# TO DO
Exact copies of all the lines below are required, with the pictures omitted.

··········

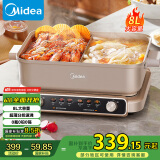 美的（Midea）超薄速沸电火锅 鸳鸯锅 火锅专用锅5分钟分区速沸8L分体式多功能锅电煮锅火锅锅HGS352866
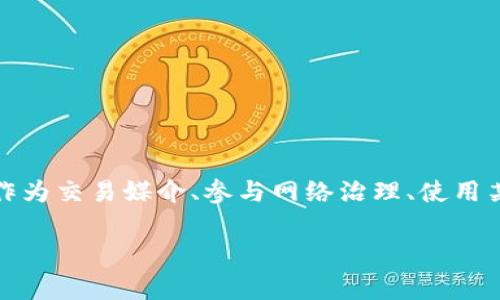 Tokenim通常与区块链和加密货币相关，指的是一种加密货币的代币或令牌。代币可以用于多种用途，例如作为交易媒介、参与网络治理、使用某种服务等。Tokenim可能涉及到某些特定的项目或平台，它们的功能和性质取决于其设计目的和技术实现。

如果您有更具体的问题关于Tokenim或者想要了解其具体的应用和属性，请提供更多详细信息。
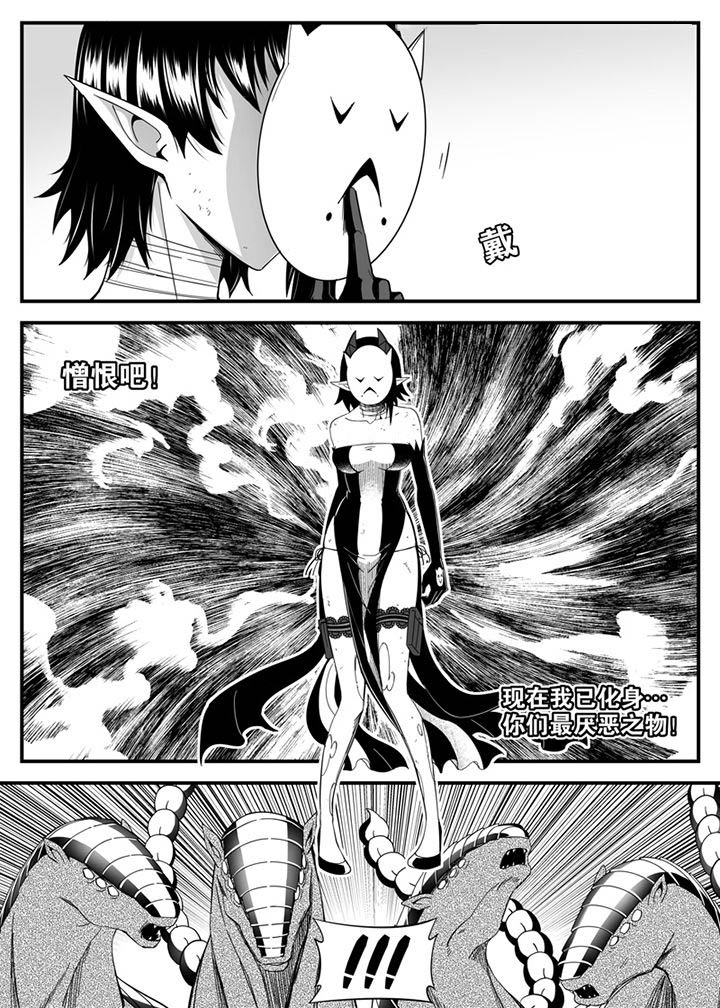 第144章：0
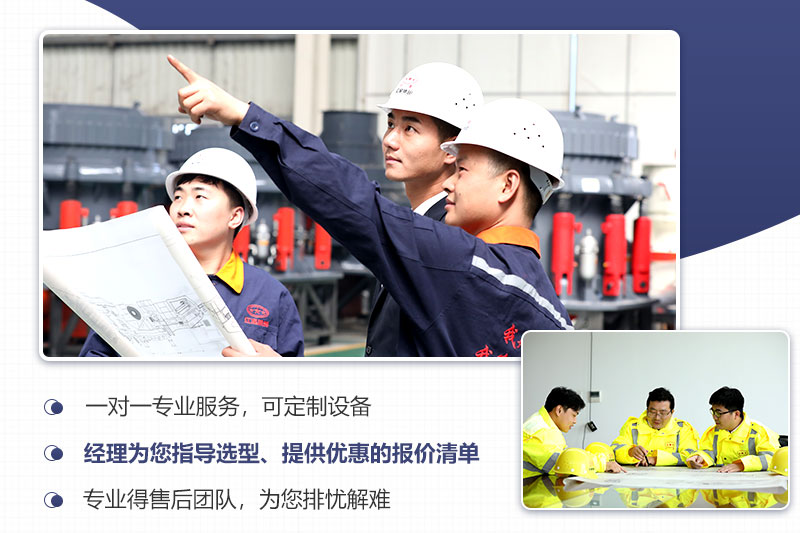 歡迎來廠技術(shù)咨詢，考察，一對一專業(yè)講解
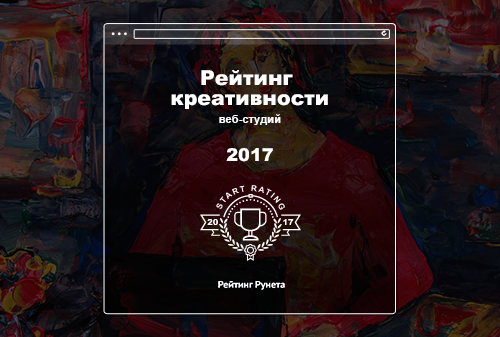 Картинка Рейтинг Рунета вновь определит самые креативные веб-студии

··········

# RESULT OF THIS TASK
 美的（Midea）超薄速沸电火锅 鸳鸯锅 火锅专用锅5分钟分区速沸8L分体式多功能锅电煮锅火锅锅HGS352866
 Tokenim通常与区块链和加密货币相关，指的是一种加密货币的代币或令牌。代币可以用于多种用途，例如作为交易媒介、参与网络治理、使用某种服务等。Tokenim可能涉及到某些特定的项目或平台，它们的功能和性质取决于其设计目的和技术实现。

如果您有更具体的问题关于Tokenim或者想要了解其具体的应用和属性，请提供更多详细信息。
 第144章：0
 歡迎來廠技術(shù)咨詢，考察，一對一專業(yè)講解
 Картинка Рейтинг Рунета вновь определит самые креативные веб-студии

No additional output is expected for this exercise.